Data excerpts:
☆ ☆ ☆ ☆

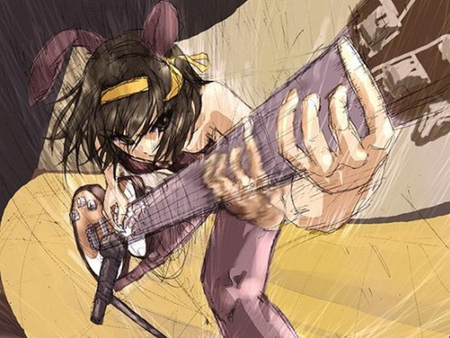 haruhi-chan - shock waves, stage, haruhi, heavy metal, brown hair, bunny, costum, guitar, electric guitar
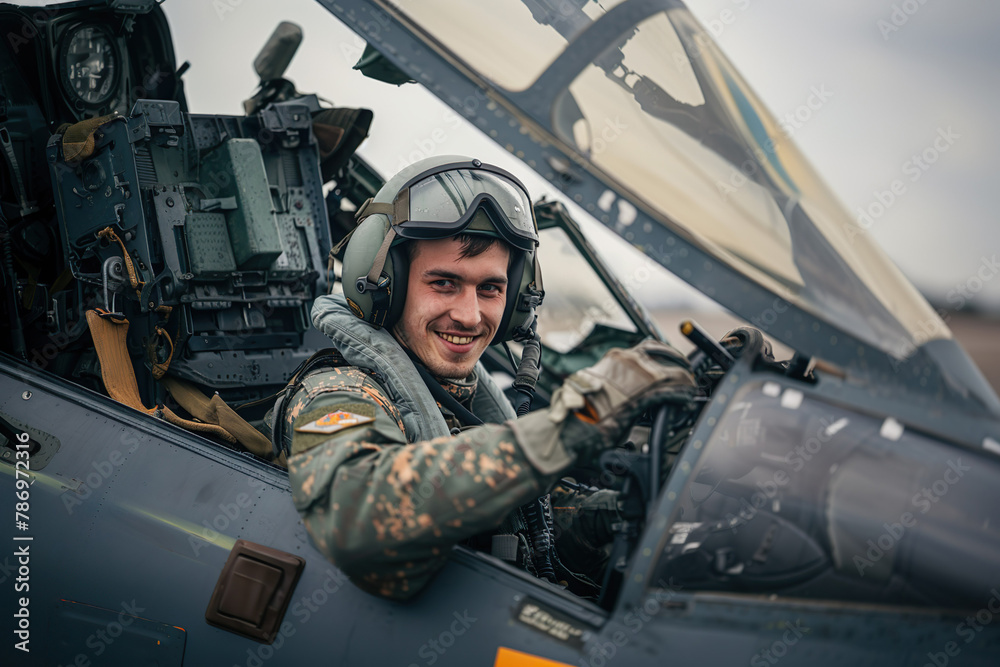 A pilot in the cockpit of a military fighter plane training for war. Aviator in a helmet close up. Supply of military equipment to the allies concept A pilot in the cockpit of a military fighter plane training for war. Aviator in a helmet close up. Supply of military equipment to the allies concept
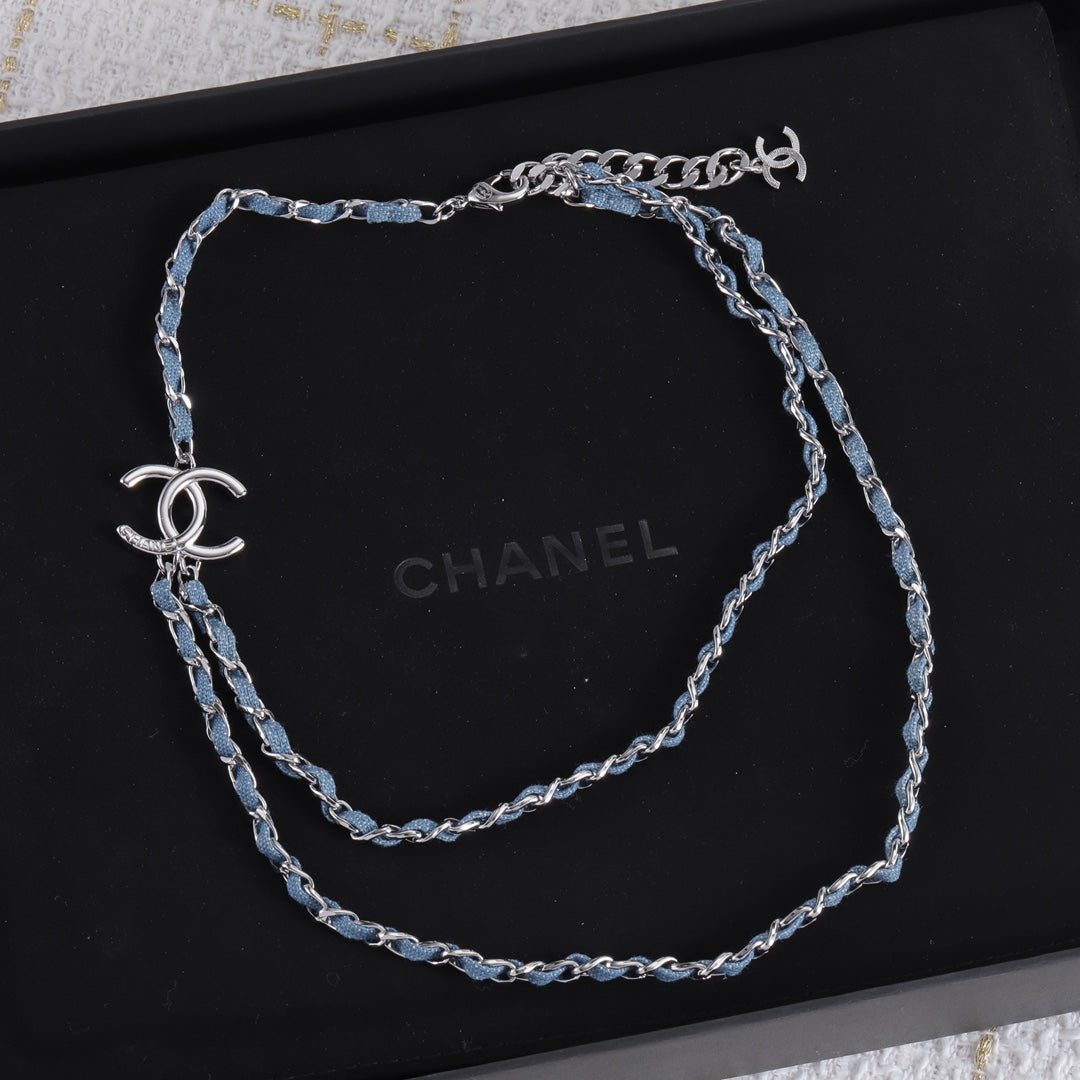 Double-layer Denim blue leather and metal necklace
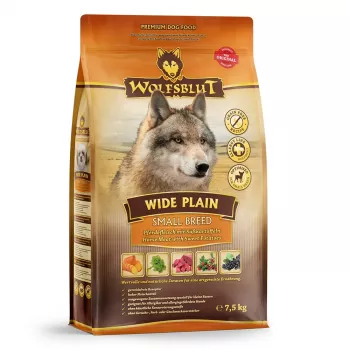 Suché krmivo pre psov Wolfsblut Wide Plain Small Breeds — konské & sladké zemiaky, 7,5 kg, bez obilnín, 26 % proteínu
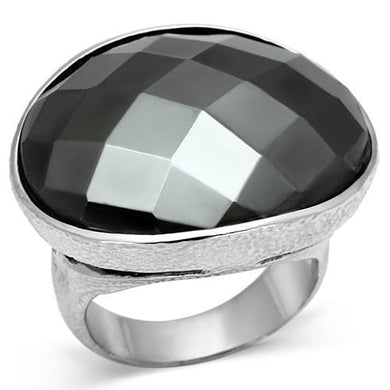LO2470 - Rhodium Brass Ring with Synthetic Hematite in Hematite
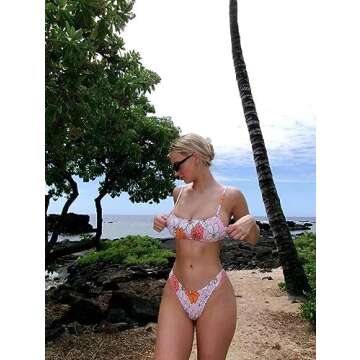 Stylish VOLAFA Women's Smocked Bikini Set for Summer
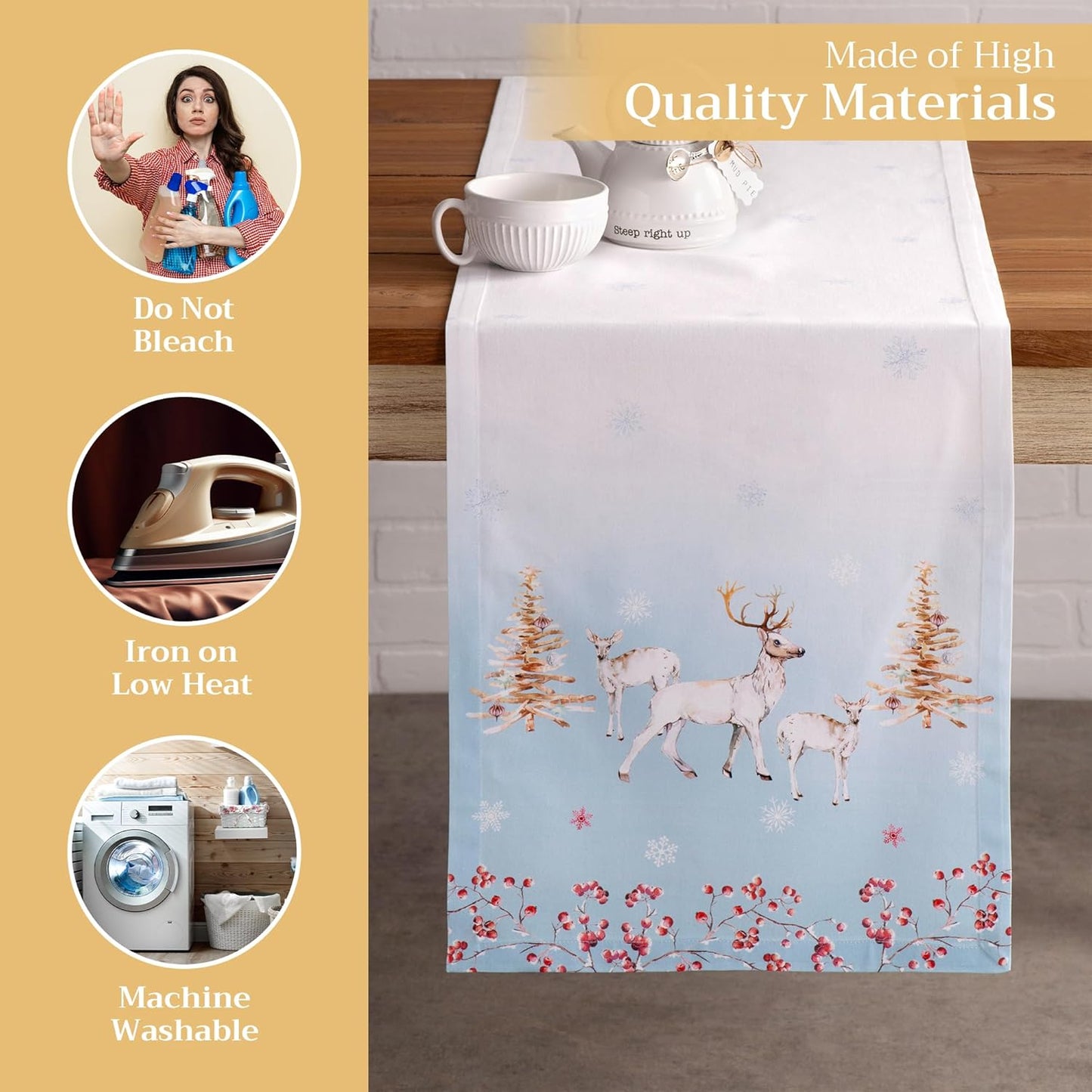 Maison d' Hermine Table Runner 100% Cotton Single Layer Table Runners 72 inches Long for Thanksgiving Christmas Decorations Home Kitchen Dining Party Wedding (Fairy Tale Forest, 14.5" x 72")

☆ ☆ ☆ ☆

#### What to produce:
Repeat, with no pictures, every line from the top of the entries above through the line that has "Stylish VOLAFA Women's", keeping each one exact.

#### Exercise answer:
 haruhi-chan - shock waves, stage, haruhi, heavy metal, brown hair, bunny, costum, guitar, electric guitar
 A pilot in the cockpit of a military fighter plane training for war. Aviator in a helmet close up. Supply of military equipment to the allies concept A pilot in the cockpit of a military fighter plane training for war. Aviator in a helmet close up. Supply of military equipment to the allies concept
 Double-layer Denim blue leather and metal necklace
 Suché krmivo pre psov Wolfsblut Wide Plain Small Breeds — konské & sladké zemiaky, 7,5 kg, bez obilnín, 26 % proteínu
LO2470 - Rhodium Brass Ring with Synthetic Hematite in Hematite
 Stylish VOLAFA Women's Smocked Bikini Set for Summer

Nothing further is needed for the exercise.